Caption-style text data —
# # # # #
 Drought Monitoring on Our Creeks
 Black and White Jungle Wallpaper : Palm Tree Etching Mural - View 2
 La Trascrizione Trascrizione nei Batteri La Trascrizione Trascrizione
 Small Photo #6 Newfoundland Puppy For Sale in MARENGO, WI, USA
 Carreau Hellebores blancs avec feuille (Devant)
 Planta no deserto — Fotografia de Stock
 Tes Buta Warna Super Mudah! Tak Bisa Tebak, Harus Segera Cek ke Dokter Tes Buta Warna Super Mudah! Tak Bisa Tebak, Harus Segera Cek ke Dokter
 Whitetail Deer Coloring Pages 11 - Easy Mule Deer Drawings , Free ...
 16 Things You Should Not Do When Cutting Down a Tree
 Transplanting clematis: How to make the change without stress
# # # # #
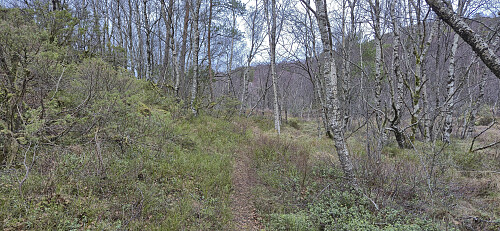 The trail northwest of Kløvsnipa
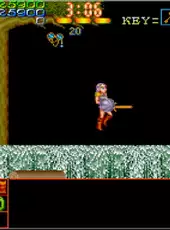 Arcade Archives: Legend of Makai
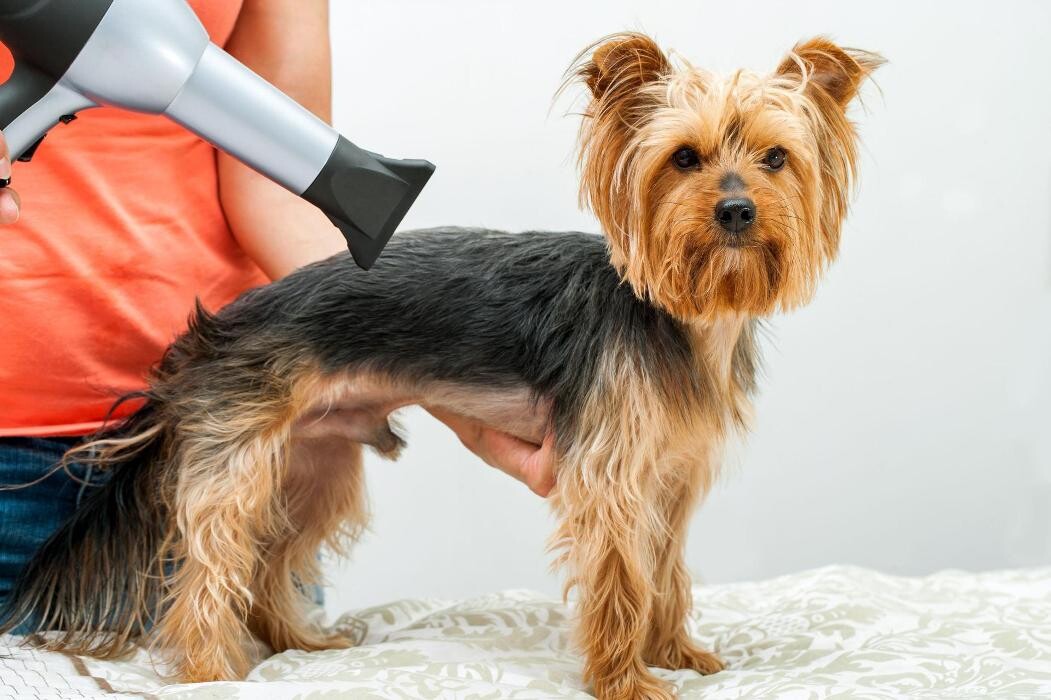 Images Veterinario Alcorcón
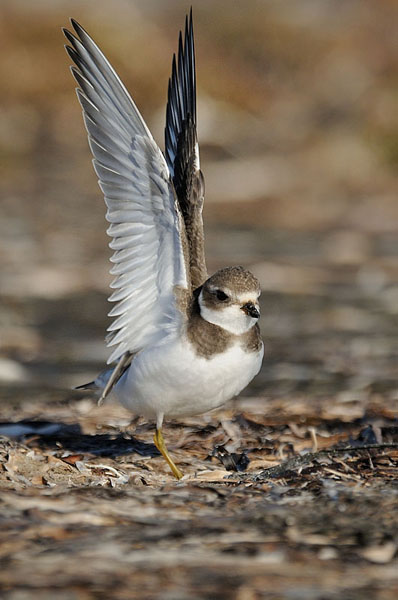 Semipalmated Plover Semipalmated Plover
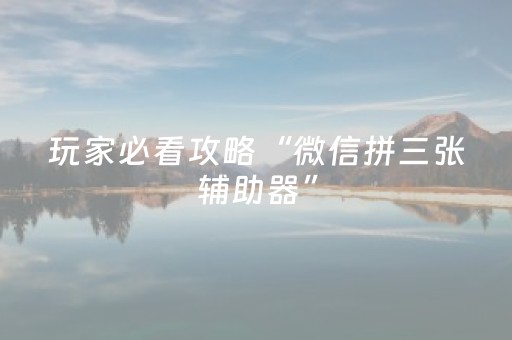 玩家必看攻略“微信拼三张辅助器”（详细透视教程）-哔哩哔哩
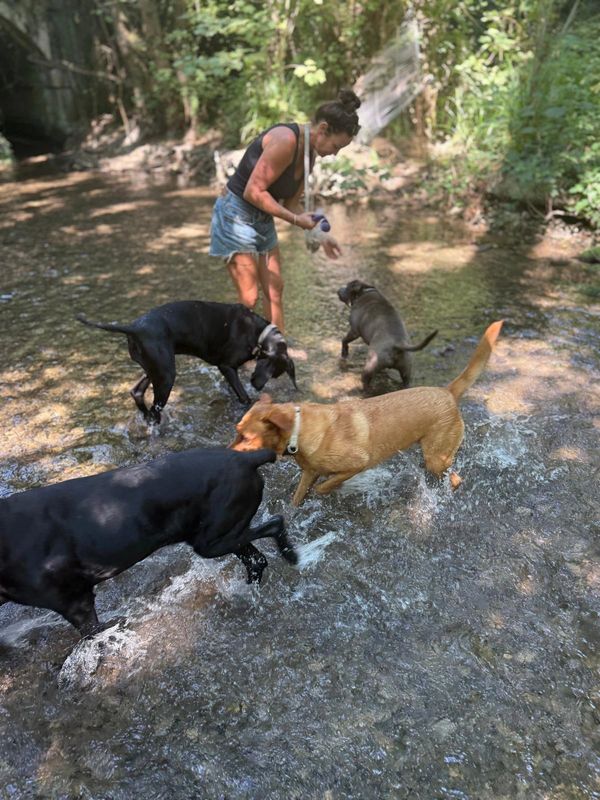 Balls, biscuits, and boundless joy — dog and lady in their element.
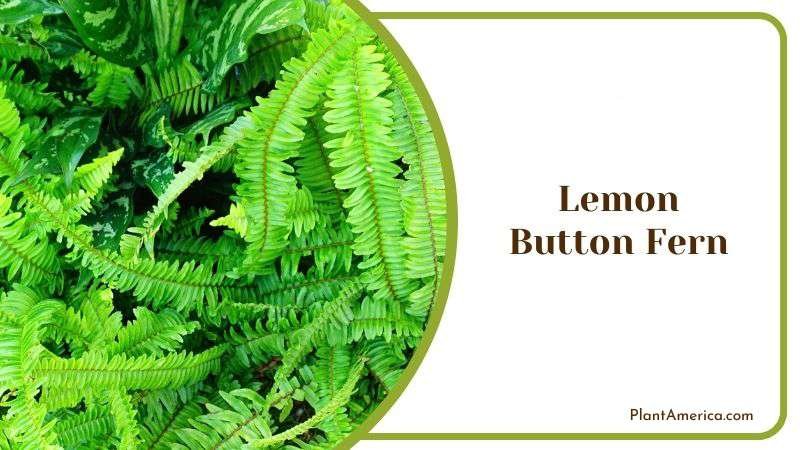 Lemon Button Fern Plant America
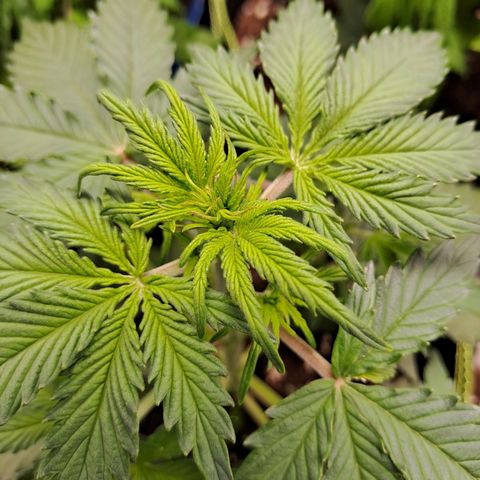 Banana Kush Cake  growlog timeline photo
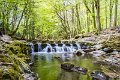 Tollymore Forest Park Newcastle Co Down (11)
# # # # #
Task to complete —
Which of the lines above carry the string "Tree"? Pick them out and copy them.

Solution —
 Black and White Jungle Wallpaper : Palm Tree Etching Mural - View 2
 16 Things You Should Not Do When Cutting Down a Tree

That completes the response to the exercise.